Posted on July 13, 2012 by Trading Point Investment Research Desk at 9:28 am GMT
Euro is under pressure, hovering near a two-year low against the dollar after Moody’s ratings agency downgraded Italy’s government bond rating by two notches to Baa2 from A3 late on Thursday night. The agency also said that further downgrading is possible.
In a statement, Moody’s said: “Italy’s near-term economic outlook has deteriorated, as manifest in both weaker growth and higher unemployment, which creates risk of failure to meet fiscal consolidation targets.”
Moody’s added that “Failure to meet fiscal targets in turn could weaken market confidence further, raising the risk of a sudden stop in market funding.”

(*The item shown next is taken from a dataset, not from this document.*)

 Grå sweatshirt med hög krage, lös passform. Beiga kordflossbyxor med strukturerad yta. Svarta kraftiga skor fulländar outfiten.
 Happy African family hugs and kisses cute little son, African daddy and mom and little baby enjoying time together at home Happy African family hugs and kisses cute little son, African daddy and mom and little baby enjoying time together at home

The ratings cut came just ahead of an Italian government bond sale on Friday. More than 5 billion euros ($6.1 billion) worth of debt was targeted to be sold at the bond auction. The target was indeed met, and initially Italian bond yields traded lower after the news, giving a slight boost to the euro. However, the euphoria was short lived and EURUSD moved back to prior levels, last trading at 1.2201 at 09:23 GMT.
Italy is the euro zone’s third-biggest economy, so the lower ratings, just two levels above junk, will undermine investor confidence, in the wake of a deteriorating Italian economy.
Italy’s debt is at an all time high and 10-year bond yield has risen above 6 percent in recent weeks, fueling concern that Italy might be next in line for a bailout form the EU.